INFORMATION SHOWN:

++++++

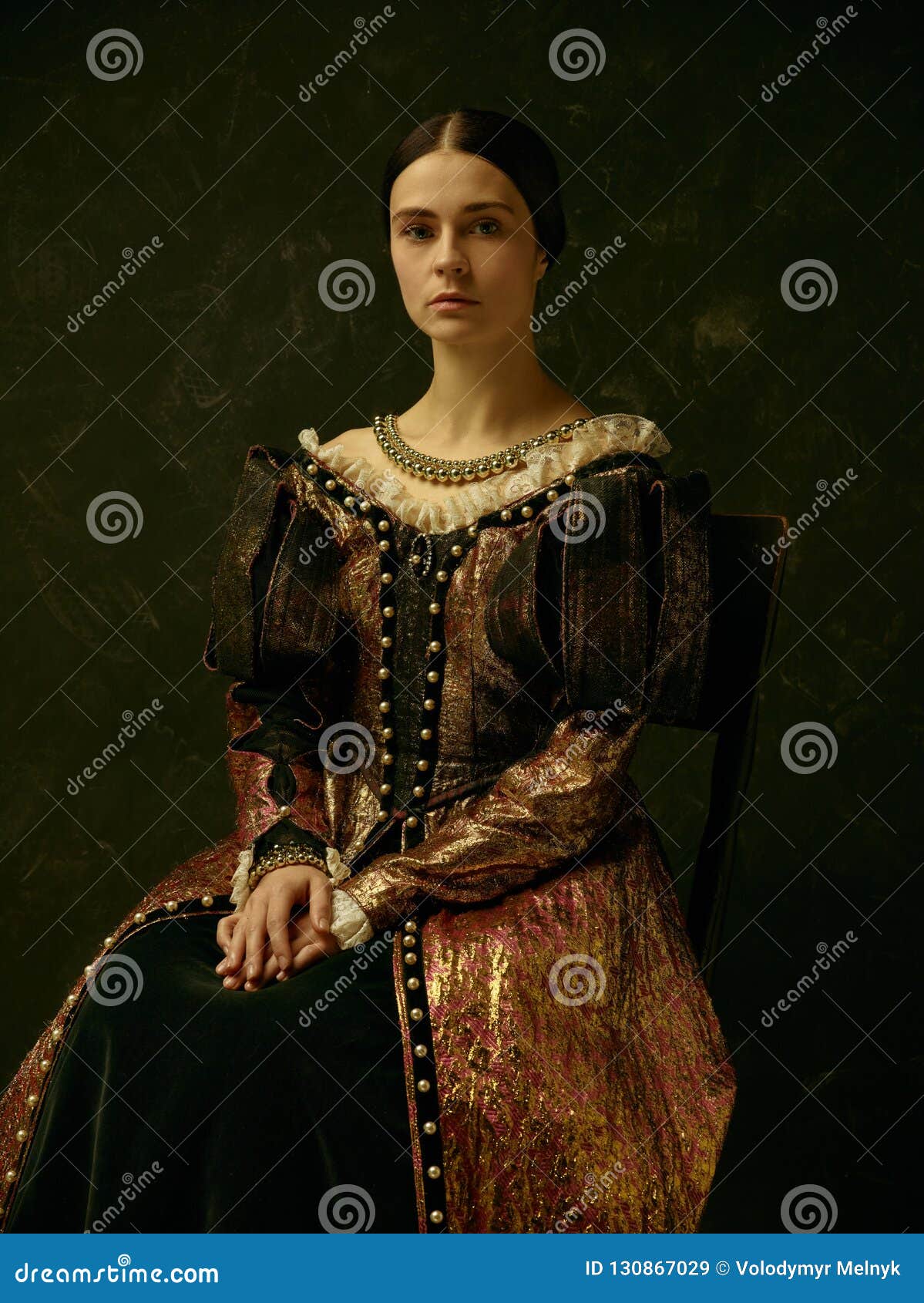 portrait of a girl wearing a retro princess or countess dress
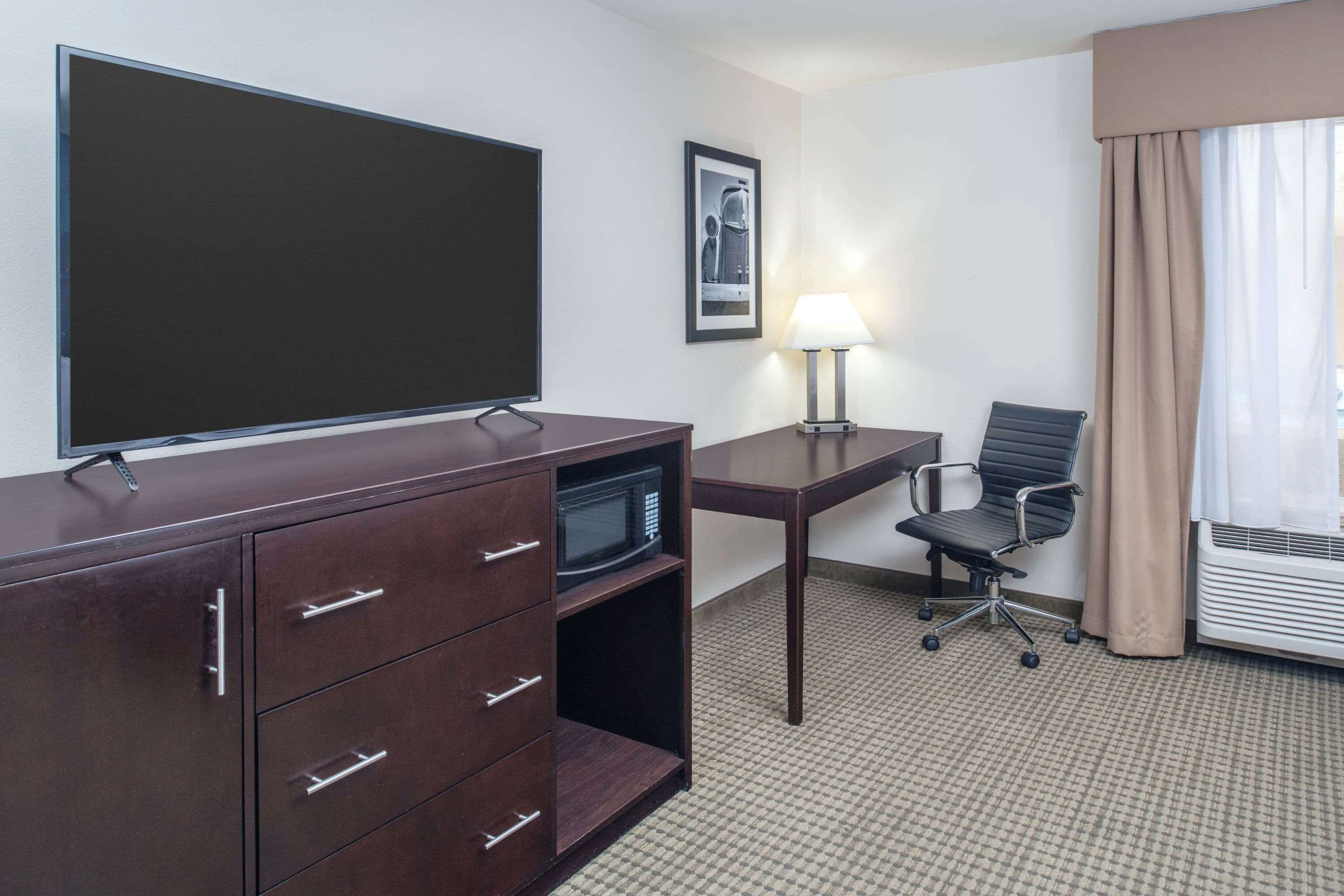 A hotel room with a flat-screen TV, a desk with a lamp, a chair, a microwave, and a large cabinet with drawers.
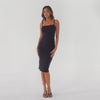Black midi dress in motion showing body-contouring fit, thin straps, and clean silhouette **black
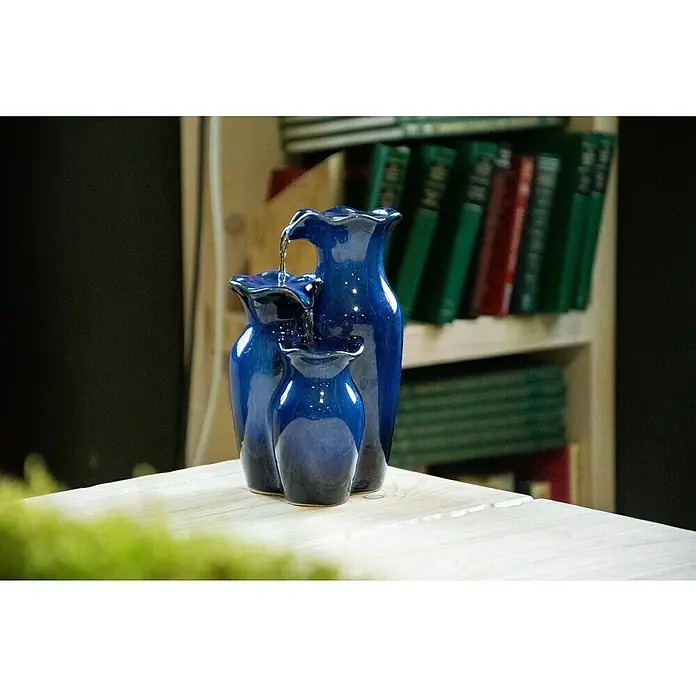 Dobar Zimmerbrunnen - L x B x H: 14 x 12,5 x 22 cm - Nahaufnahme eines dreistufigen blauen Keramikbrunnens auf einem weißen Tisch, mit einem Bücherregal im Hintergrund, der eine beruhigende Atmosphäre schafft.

++++++

HOW TO COMPLETE THIS TASK: Please repeat each line above exactly as it appears, but omit the pictures.

THE COMPLETED TASK:
 portrait of a girl wearing a retro princess or countess dress
 A hotel room with a flat-screen TV, a desk with a lamp, a chair, a microwave, and a large cabinet with drawers.
Black midi dress in motion showing body-contouring fit, thin straps, and clean silhouette **black
 Dobar Zimmerbrunnen - L x B x H: 14 x 12,5 x 22 cm - Nahaufnahme eines dreistufigen blauen Keramikbrunnens auf einem weißen Tisch, mit einem Bücherregal im Hintergrund, der eine beruhigende Atmosphäre schafft.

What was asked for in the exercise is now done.